Security of the Succession, etc. Act 1701
- Parliament of England
- Long title: An Act for the further Security of His Majesties Person and the Succession of the Crown in the Protestant Line and for extinguishing the Hopes of the pretended Prince of Wales and all other Pretenders and their open and secret Abettors.
- Citation: 13 & 14 Will. 3. c. 6; 13 Will. 3. c. 6;
- Territorial extent: England and Wales

Dates
- Royal assent: 7 March 1702
- Commencement: 30 December 1701
- Repealed: 15 July 1867

Other legislation
- Amended by: Security of the Succession, etc. Act 1702
- Repealed by: Statute Law Revision Act 1867
- Relates to: Correspondence with Enemies Act 1691; Correspondence with the Pretender Act 1697; Correspondence with James the Pretender (High Treason) Act 1701; Assay of Plate Act 1702; Treason Act 1708; Security of the Sovereign Act 1714; Treason Act 1743;

Status: Repealed

Text of statute as originally enacted

= Security of the Succession, etc.

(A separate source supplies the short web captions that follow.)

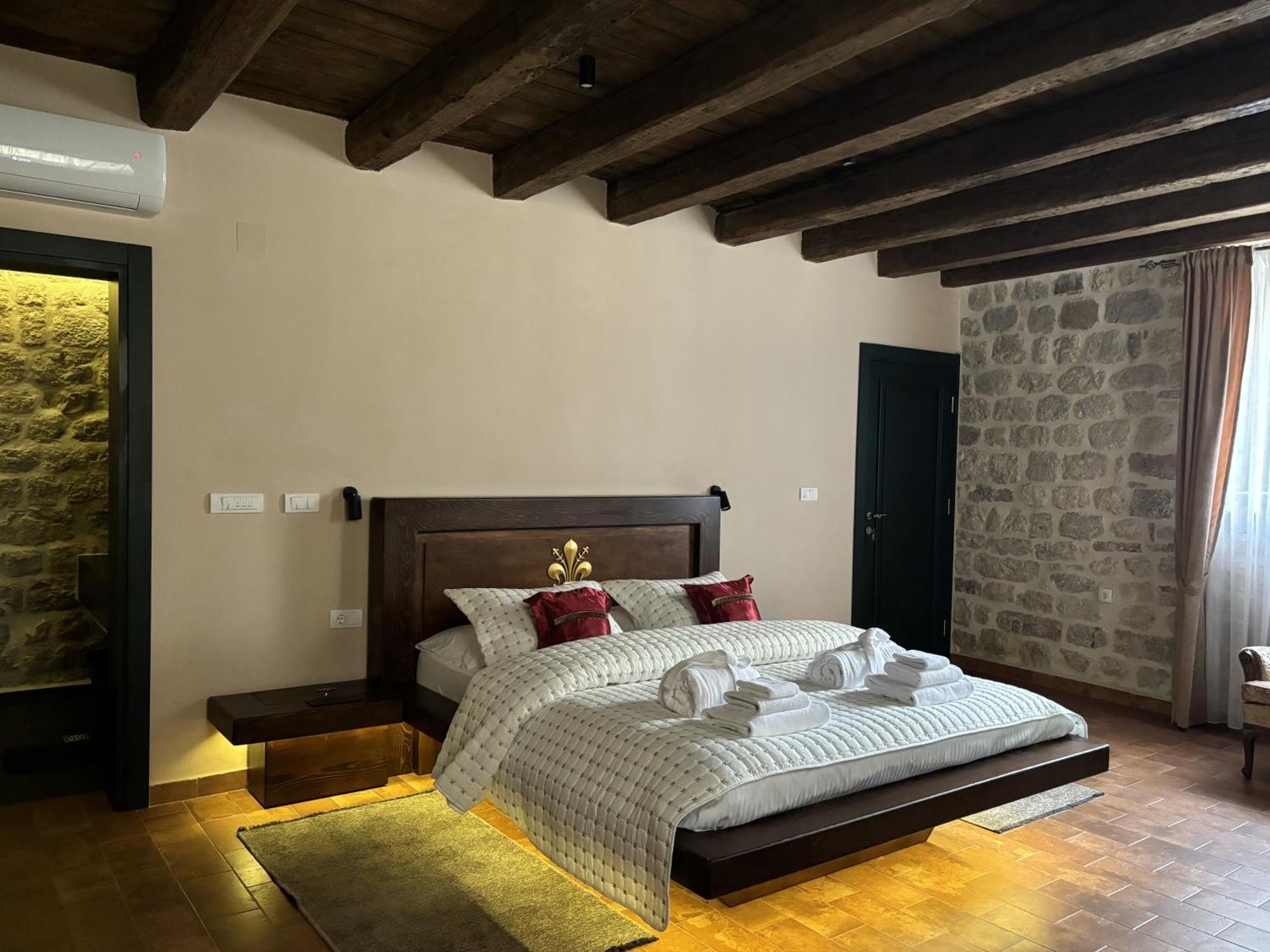 Kazin Supreme Hotel Kotor Buitenkant foto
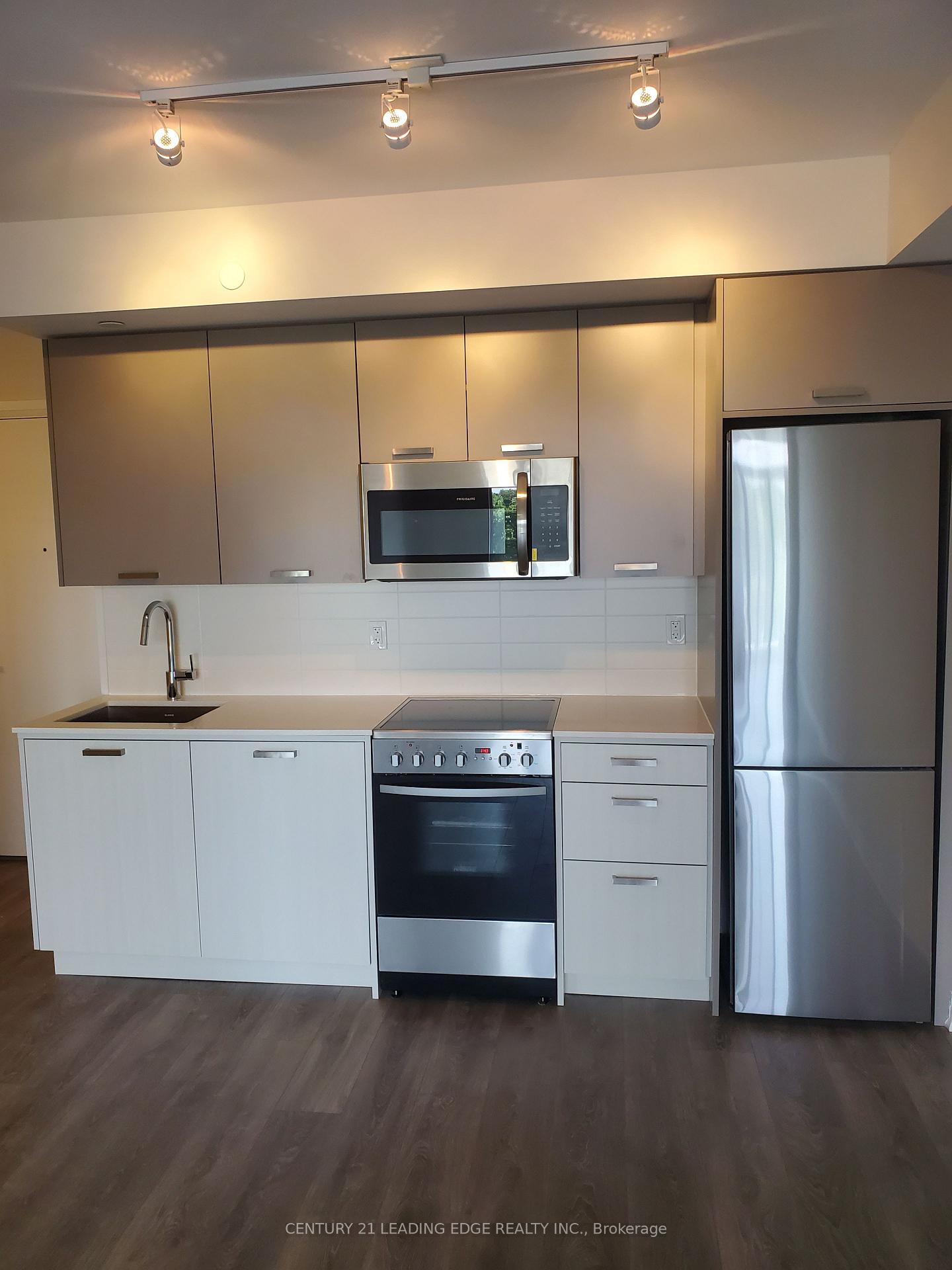 Photo 6 of Unit 502, 2301 Danforth Avenue, Toronto, East End-Danforth — HOMEH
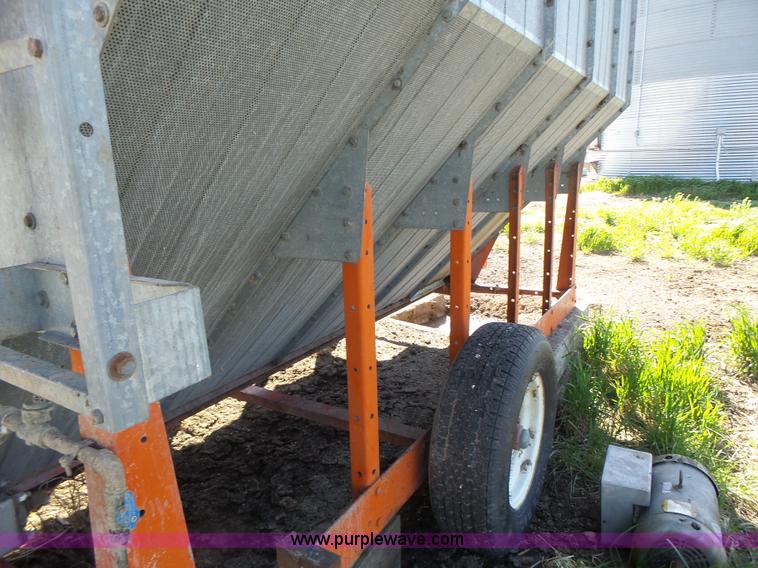 image for item L6025 Farm Fan AB250 grain dryer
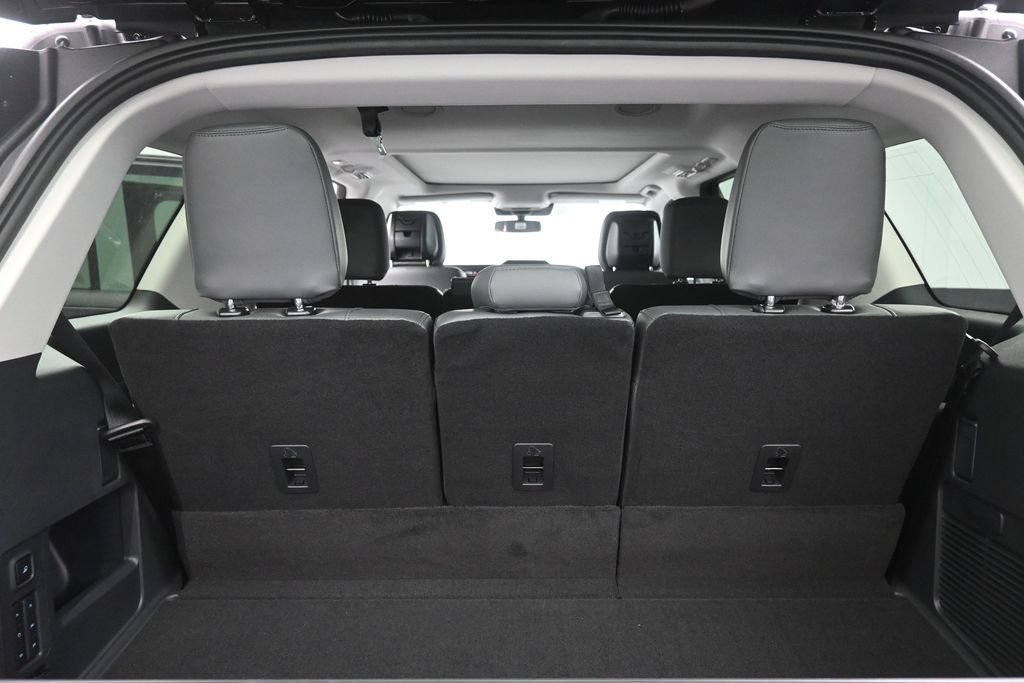 New 2027 Ford Expedition Active RWD image 2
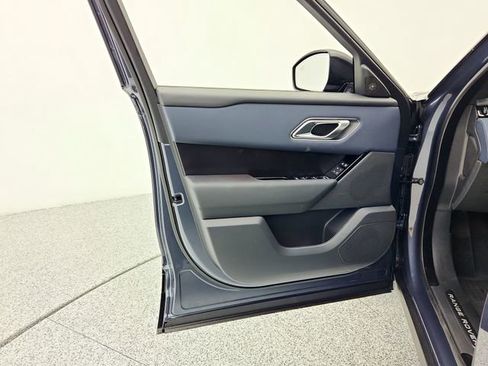 New 2026 Land Rover Range Rover Velar Dynamic SE image 27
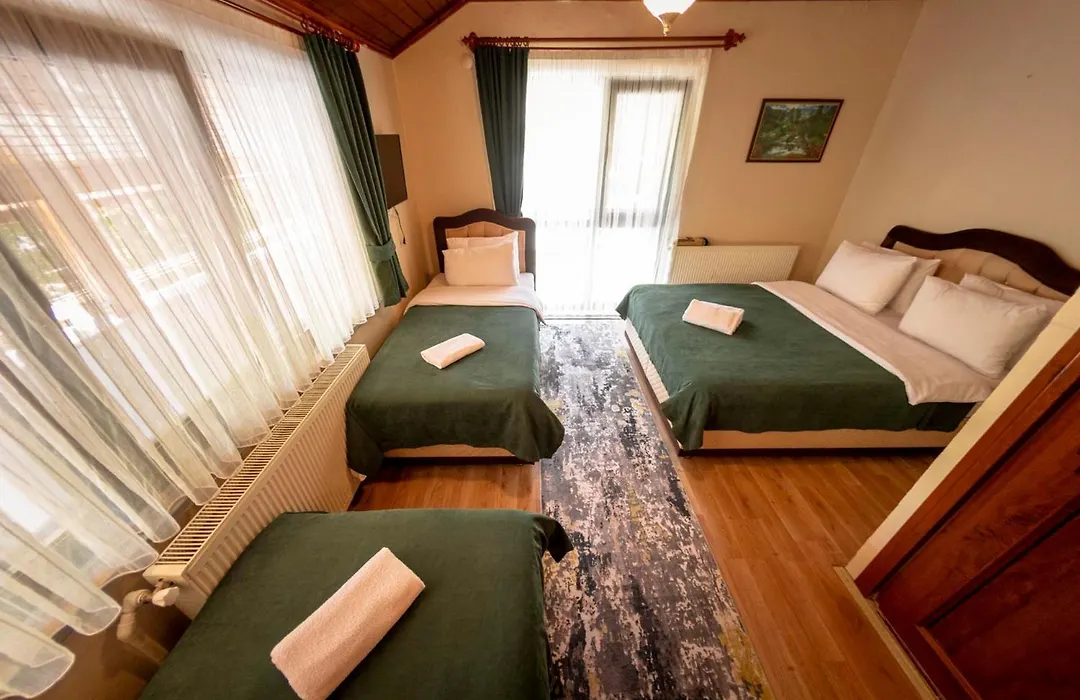 Homestay Guest House Dormitory Sleeping Rooms - Be My Guest-1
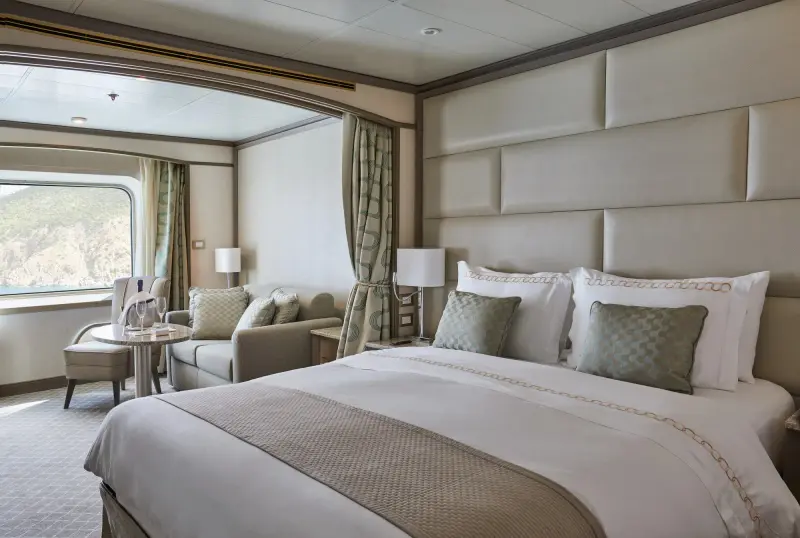 Silver Shadow – Vista Suite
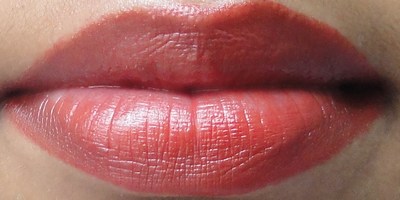 Biotique-Bio-Color-Lipstick-Paprika-lips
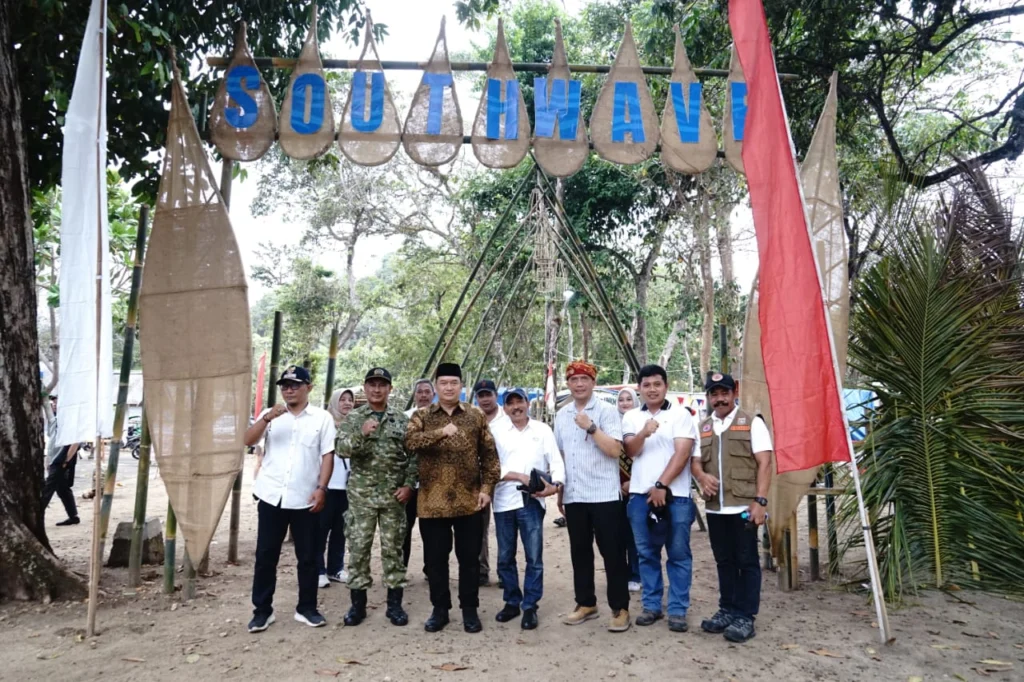 Portal Berita Indonesia dan Dunia Terkini Hari Ini, Update Harian Terbaru, Terlengkap, Tajam, Aktual dan Berimbang. Koramil Bantur Dukung Festival Ekonomi Kreatif, Dorong Potensi Wisata Pantai Malang Selatan - Teropong Rakyat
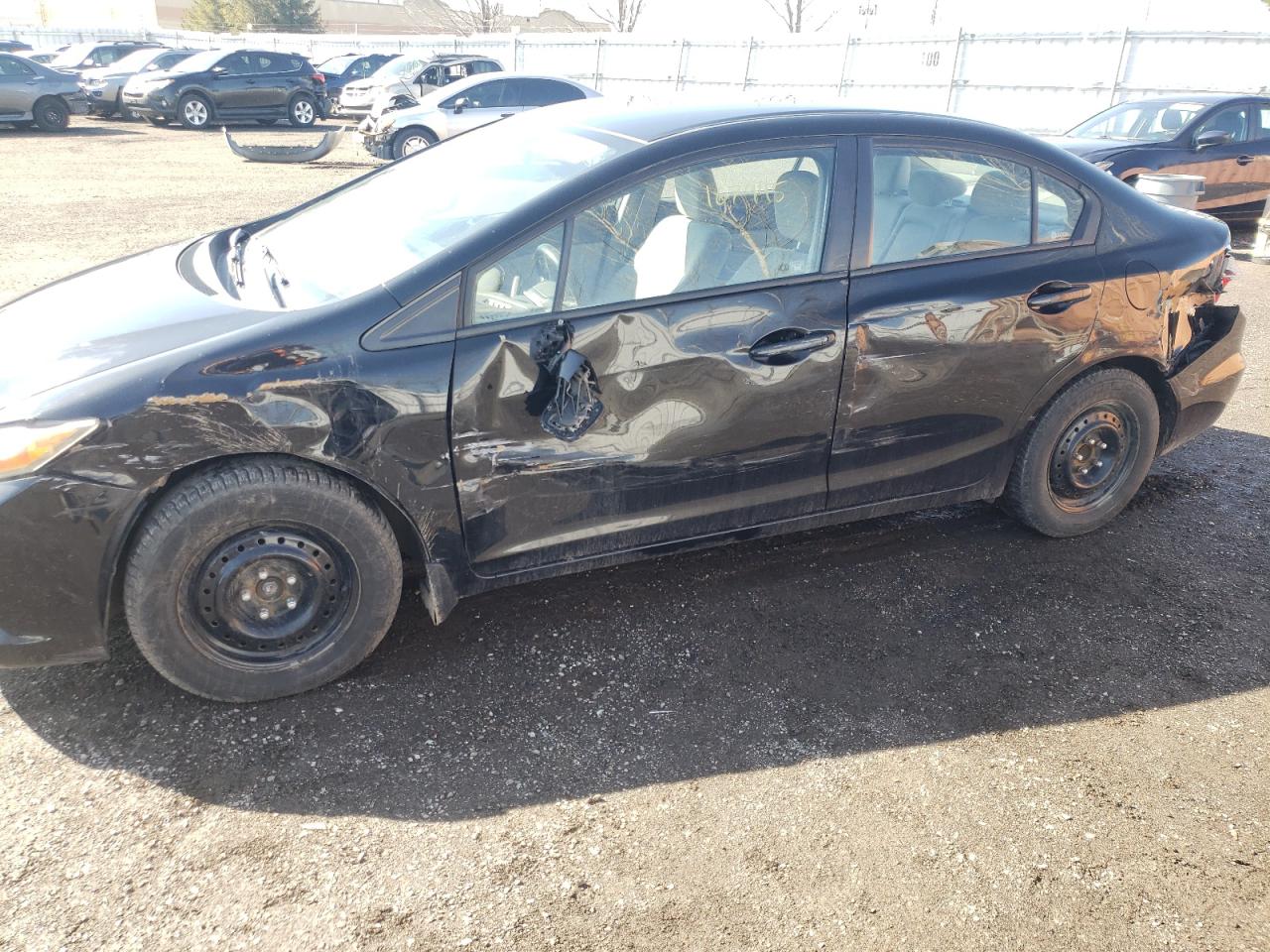 Photo 9 from auction – 2012 HONDA CIVIC LX with VIN 2HGFB2F46CH107646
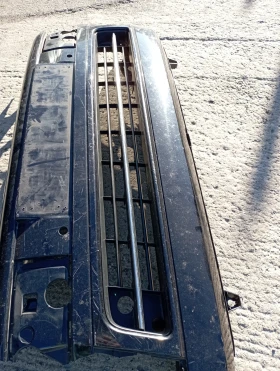 Решетка в предна броня за VW T5 2009-2015г....7E5853678...., снимка 2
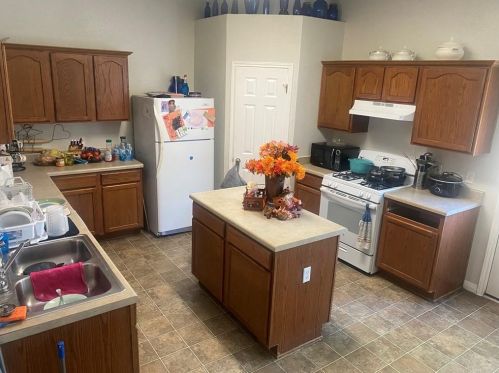 144 Evening Star, Uhland TX  78640-5522 exterior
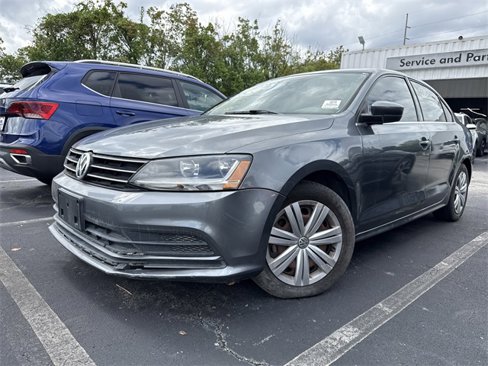Used 2017 Volkswagen Jetta S image 2
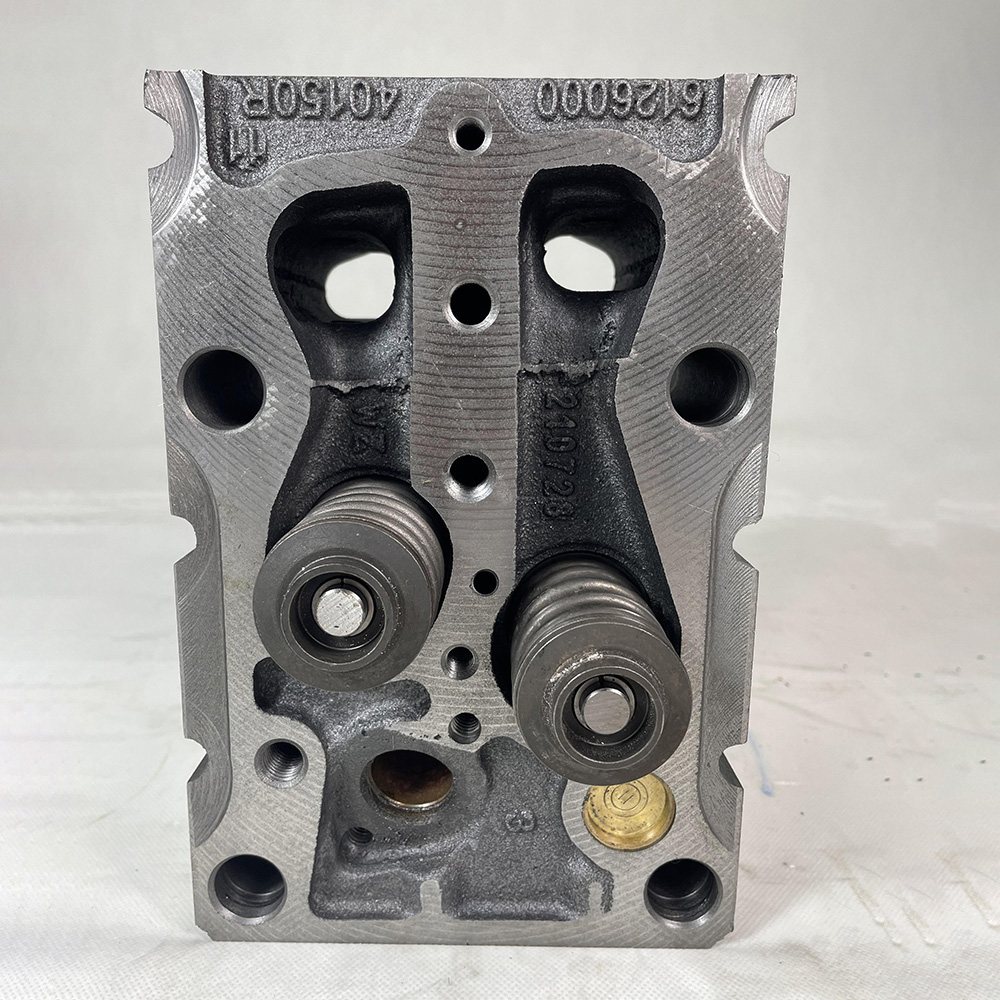 Weichai WD615 WP10 Cylinder Head 61560040040 Diesel Engine Parts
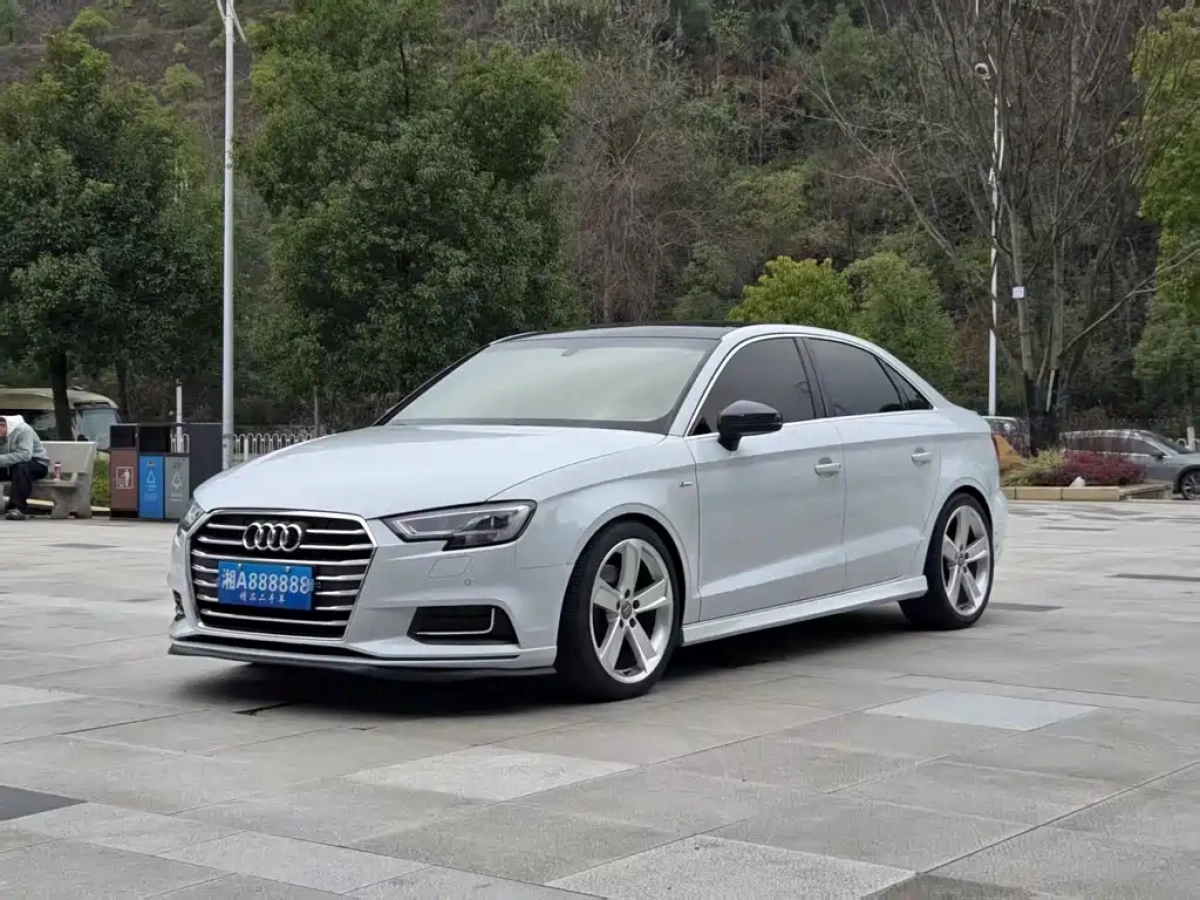 AUDI A3  2019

Act 1701 =

Act of the Parliament of England

The Security of the Succession, etc. Act 1701 (13 & 14 Will. 3. c. 6) was an act of the Parliament of England. The act required nearly all office-holders to take the oath of abjuration against James Francis Edward Stuart, pretender to the throne, self-styled Prince of Wales and son of the former King James II.

The act also made it high treason to "compass or imagine" the death of Princess Anne of Denmark, the heir apparent to the throne, with effect from 25 March 1702. This clause never came into force however, since Anne became queen on 8 March 1702.

== Assay of Plate Act 1702 ==

Another act, the Assay of Plate Act 1702 (1 Ann. c. 3), passed in 1702, amended the Coin Act 1696 (8 & 9 Will. 3. c. 26), which concerned treason by counterfeiting coins.

=== Provisions ===
Section 1 of the act continued the Coin Act 1696 (8 & 9 Will. 3. c. 26), as continued by the Coin (No. 2) Act 1697 (9 Will. 3. c. 21), until the end of the next session of parliament after 25 March 1709.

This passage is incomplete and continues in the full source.